Date: 2008-08-23 01:36 pm (UTC)
From: [identity profile] chochiyo-sama.livejournal.com
I've always believed that it was the pinnacle of hubris for us humans to suffer under the illusions that we are alone in the universe.

Look at all those stars! They are all suns!

If only 1/3 of those suns have planets, and if only 1/3 of them have inhabitable planets, and of those if only 1/3 have life forms and of those only 1/3 have intelligent life forms--well, that is STILL untold bazillions of possible planets full of intelligent life forms!
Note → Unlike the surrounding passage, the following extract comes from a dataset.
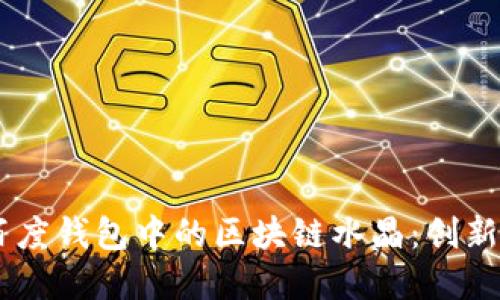 了解百度錢包中的區(qū)塊鏈水晶：創(chuàng)新與應(yīng)用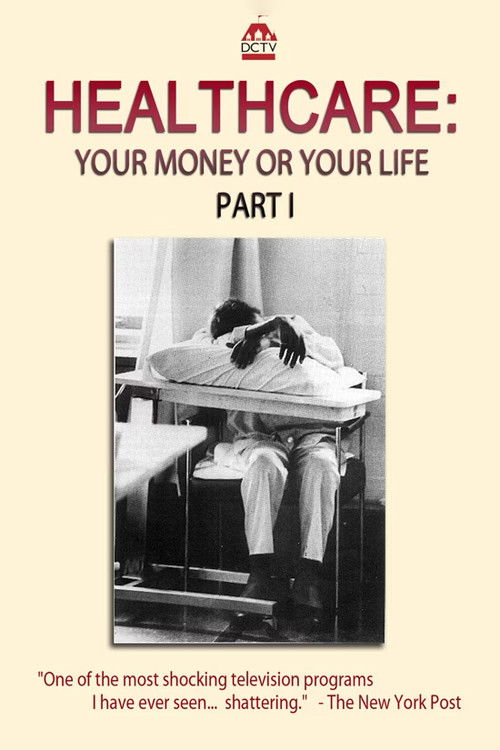 Healthcare: Your Money or Your Life (1978) poster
How can there NOT be intelligent life out there besides us? (And let's face it--as far as intelligence goes, we are vastly over rated for the most part. *giggle*)

Cho

Date: 2008-08-23 02:02 pm (UTC)
From: [identity profile] poliphilo.livejournal.com
I've no doubt the universe is teeming with life.

Have aliens come and visited here? I think it perfectly likely. If we had the technology to get to other star systems I'm sure we'd use it.

Date: 2008-08-23 03:24 pm (UTC)
From: [identity profile] chochiyo-sama.livejournal.com
I think it is totally likely as well. They may even be living quietly among us, observing and studying.

Perhaps that's what Bigfoot is--a shaggy alien. A wookie????

Date: 2008-08-23 04:06 pm (UTC)
From: [identity profile] poliphilo.livejournal.com
One of the odd things about UFO encounters is they seem designed to draw attention to themselves- whereas a sensible alien with advanced technology and all sorts of skills we know nothing of would surely be able to arrange to observe us without being noticed at all.

Date: 2008-08-23 09:14 pm (UTC)
From: [personal profile] oakmouse
Vallee is rather a trip. I remember reading Passport to Magonia and nodding my head all the way through; his observations in that book make excellent sense.

Feel better!

Date: 2008-08-24 09:06 am (UTC)
From: [identity profile] poliphilo.livejournal.com
I think he's on the right track.

Thanks, I think it was one of those 24 hour things. I believe- once the tablets kick in- I'll feel brighter today.

Date: 2008-08-25 04:20 pm (UTC)
From: [identity profile] jackiejj.livejournal.com
Being a carbon-based life form sucks.

Amen, my friend.

I am hoping to become a nice, clean, succinct point-of-light, which seems to be what the Near-Deathers report.

As for what Valee says, it sounds exactly correct to me! I'll buy it, happily. As my ex-husband once said, Chemical rocketry won't bring us to aliens, or they to us. Sliding through dimensions, though--that sounds just right!

Date: 2008-08-25 04:56 pm (UTC)
From: [identity profile] poliphilo.livejournal.com
What I've always wanted to do is fly.

I often do in dreams. And it always seems the most natural thing in the world.

I believe your ex husband is right. Chemical rockets may get us round the solar system, but if we want to travel further we'll have to develop a more subtle technology.

Date: 2008-08-26 01:38 pm (UTC)
From: [identity profile] michaleen.livejournal.com
Glad you're enjoying Vallée. He really is thought provoking, so much so that the topic of UFOs seems almost to fade in light of his more far-reaching thesis. Personally, I think he makes perfect sense.

There's a passage in Dimensions where he states that, from a behavioural standpoint, UFOs seem rather like ghosts, but then explicitly refuses to pursue that line of thought to its logical conclusions. If UFOs are like ghosts, then they are like spirits generally, and in the case of demons and such, that would admit the possibility of humans initiating contact. Vallée didn't necessarily say it wasn't true, just that he didn't want to go there.